(Mushrooms risotto - Our recipe)
- 2 medium size Boletus edulis mushrooms or cultivated ones
- 4 tablespoons extra virgin olive oil
- 2 tablespoons dried chives
- 2 tablespoons fresh parsley, finely chopped (or 2 teaspoons dried one)
- 1 teaspoon dried bay leaf
- 100 ml (4 fl oz - 1/2 C) white dry wine
- 700 ml (25 fl oz - 3C) vegetable stock
- 200 g (7 oz) Italian arborio rice
- Parmesan, if you like
- Time:
preparation: 15 minutes
cooking: 20 minutes
- Difficulty:
medium
- Nutrition Facts (amount per serving):
Calories: XX (kCal) -
XX (kJ)
Protein: XX (g)
Total fat: XX (g)
Total carbohydrate: XX (g)
Sugars: XX (g)
Clean the mushrooms removing any lumps of earth and other impurities with the tip of a knife blade. Brush off grit and dirt with a toothbrush. Do not rinse them with running water; you could loose their delicate taste! Moisten some absorbent kitchen paper and clean them accurately. Slide them lengthways.

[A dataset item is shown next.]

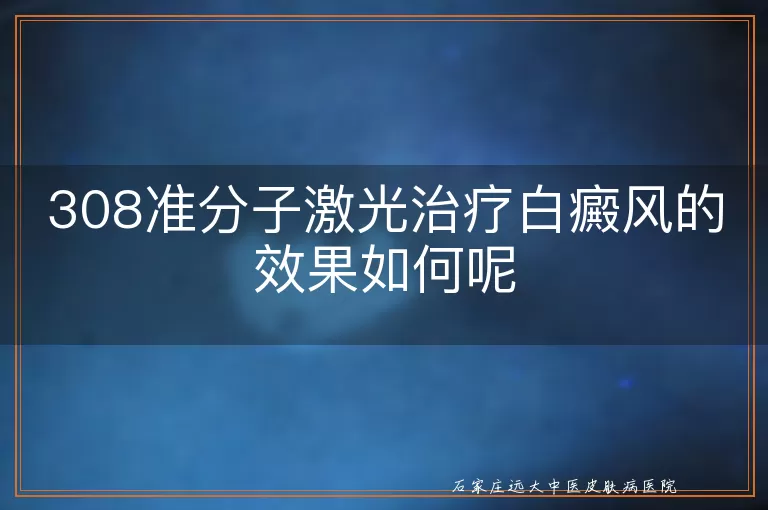 308准分子激光治疗白癜风的效果如何呢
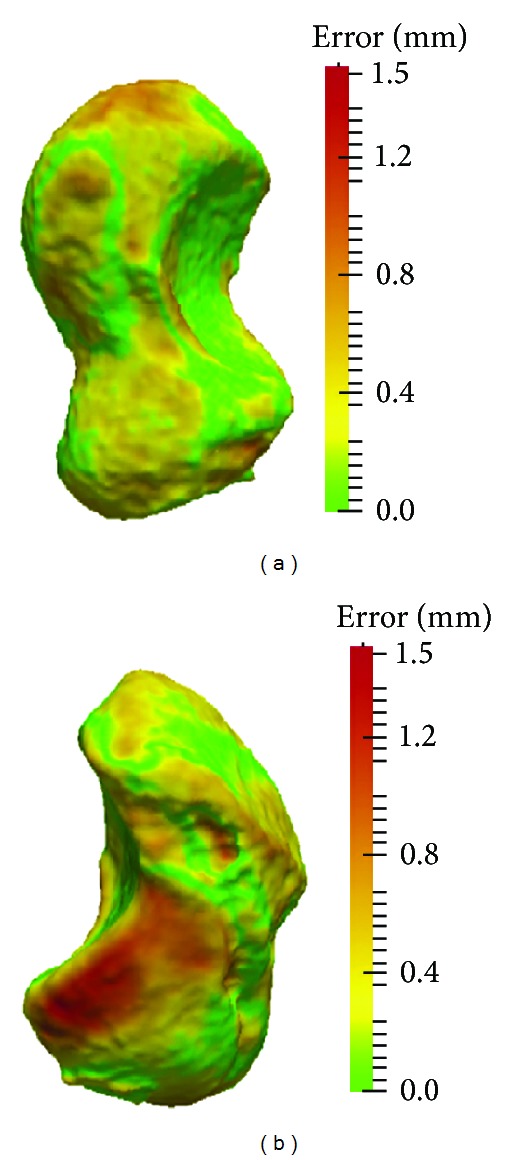Quantification of contralateral differences of the scaphoid: a comparison of bone geometry in three dimensions.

Put them in a saucepan with olive oil, herbs and some water. Simmer over a low flame until the water is well reduced.
Meanwhile prepare the vegetable stock and keep it over a weak flame so that it is not cold when the moment comes for its addition.
Add rice and cook for 3-4 minutes until it looks milky. Add wine, and simmer until absorbed, stirring. At this point add 2 ladlefuls of vegetable stock and simmer until absorbed, stirring. Keep on adding stock, ladle by ladle, until rice is tender.
Shortly before the end of cooking time, whip in grated Parmesan, if you like.
Serve after 5 minutes.
Note
- - You can also use frozen mushrooms or dried ones. You have to cook them in the same way of fresh ones. The dried mushrooms must be soaked.
- - The white dry wine can be substituted with a sherry glass of "Marsala" (kind of Sicilian wine) or "Mirto" (kind of Sardinian liqueur). Above all we suggest you this substitution in the case of cultivated mushrooms.
- - You can also add saffron during the cooking, if you like it.
What's the right wine?
Monferrato chiaretto: a wine from Piedmont - Italy.